Promises Promises

I told a friend a while back that contrary to the image on a blog, no one’s marriage is perfect and that I would post sometime about Josh behaving like an ass. Problem is, when I tried to do it, I realized I behave like an ass sometimes too and I probably couldn’t be trusted to acknowledge both. But let me assure you grief and stress makes us both less than wonderful at times. Particularly of late.

Having to finish by April is putting a huge burden on Josh. And yet he’s still doing so much for Samuel and me. He still participates in nighttime feedings (first trying to calm Samuel, to see if he’s really hungry or just needs some help getting back to sleep, then burping him and putting him back to bed when he’s done eating). Samuel has for the most part begun sleeping through the night (4-5 hours of sleep straight is what our no cry sleep book tells us is “through the night), but last night he had a bad night, perhaps because he had his 2 mo. shots yesterday.

I feel guilty, not because Josh has said or done anything to indicate I should, about what our pregnancies have cost him. Obviously the biggest loss being the opportunity to know his first-born son. But beyond that, they have stolen from him the opportunity to enjoy his dissertation and the writing process. I’m not having the best time either, but I know that if it were necessary, I could be happy doing something else. I will plug away, for the reasons I’ve listed before, and because I realized the other day as I walked the library stacks that I can love this life, if only I can jump this final hoop. But I could enjoy another life. Not Josh – he wants this more than I do by far. He’s an intellectual; I’m a pedagog. I’d prefer to teach at the college or university level, but I could be very happy at a community college. I just want to sit with young adults in a classroom and talk history.

Josh has a lot of work ahead of him between now and late April. I’m confident he can do it, and hopeful that I can help.

As for myself, I am committed to a complete first draft of my diss by August 15th. And then I will hopefully teach, revise, and go on the market in the fall.

6 responses to “Promises Promises

  1. Sounds like a good plan, all around.
    Realistically, though, once you made the decision to have a baby before finishing grad school neither of you was going to get to enjoy the writing process uninterrupted. Either by good things or by bad. And I am betting Josh is enjoying this winter’s challenges a hell of a lot more than last winter’s.

  2. Yes and No. Of course we knew the writing process would be interrupted somewhat, but both of us have an adviser who had a baby during grad school. They told us that it was the best time to do it. They’re still right. I just think I’ll never stop being pissed off about what we’ve gone through hence I’ll keep finding reason to complain about it.

  3. I’m facing similar questions about writing with distractions. But given that you want children, it seems that both of your schedules in grad school must be more flexible now than your first teaching job (no matter what type of school). I think maybe if you reframe the question in terms of now vs. later, you might have a different perspective. Not that that makes the now any easier.

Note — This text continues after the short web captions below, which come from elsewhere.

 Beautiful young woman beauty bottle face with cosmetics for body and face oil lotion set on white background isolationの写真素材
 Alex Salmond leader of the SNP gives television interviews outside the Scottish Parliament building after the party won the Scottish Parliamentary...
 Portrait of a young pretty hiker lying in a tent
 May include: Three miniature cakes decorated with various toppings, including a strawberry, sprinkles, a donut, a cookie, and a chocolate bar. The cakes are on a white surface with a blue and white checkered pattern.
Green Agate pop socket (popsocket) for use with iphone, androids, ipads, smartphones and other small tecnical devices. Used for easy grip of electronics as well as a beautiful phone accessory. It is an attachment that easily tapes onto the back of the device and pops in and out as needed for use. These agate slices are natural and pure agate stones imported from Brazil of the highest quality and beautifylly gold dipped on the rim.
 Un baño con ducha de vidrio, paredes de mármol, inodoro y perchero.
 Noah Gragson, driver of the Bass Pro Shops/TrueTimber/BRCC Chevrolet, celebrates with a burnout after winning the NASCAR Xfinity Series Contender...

  4. Not at all. I’m not complaining at all about distractions and Samuel. Of course my schedule is flexible, that’s why we chose to get pregnant in the first place, and to try again so quickly, while still in grad school.

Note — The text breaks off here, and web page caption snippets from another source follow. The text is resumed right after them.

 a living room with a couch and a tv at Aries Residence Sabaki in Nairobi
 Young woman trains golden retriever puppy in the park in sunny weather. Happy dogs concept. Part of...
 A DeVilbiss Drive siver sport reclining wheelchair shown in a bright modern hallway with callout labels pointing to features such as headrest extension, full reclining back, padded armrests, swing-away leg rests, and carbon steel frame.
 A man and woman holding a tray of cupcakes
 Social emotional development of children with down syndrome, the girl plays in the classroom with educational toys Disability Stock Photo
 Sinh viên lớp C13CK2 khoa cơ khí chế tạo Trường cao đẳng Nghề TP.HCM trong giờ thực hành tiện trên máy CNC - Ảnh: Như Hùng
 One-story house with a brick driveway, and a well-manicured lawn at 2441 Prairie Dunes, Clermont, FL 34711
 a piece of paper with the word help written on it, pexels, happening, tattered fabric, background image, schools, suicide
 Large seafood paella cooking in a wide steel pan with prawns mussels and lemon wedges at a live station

    It’s just that we both so enjoy intellectual engagement, and our grief and the difficulties of pregnancy made that nearly impossible. We could barely attend any lectures.

    Of course I’d rather have Samuel than attend any lecture, but it shouldn’t have been this hard to get him here.

  5. It shouldn’t have been this hard at all my dear.

    That said, it’s normal to be an ass sometimes, for you and him, and if you were never like that—I’d wonder if it were possible. Parenting after infertility and loss is quite the challenge, always.

  6. I’ve done well. But my husband is an uber-achiever. I look at him some nights as he reads journal articles and crunches numbers in Exel and I wonder if he remembers his first born. He does.

    I’ve found a mediocre, salaried contentment. He’s bound for something more.

    I hate that I’ve caused him to cry.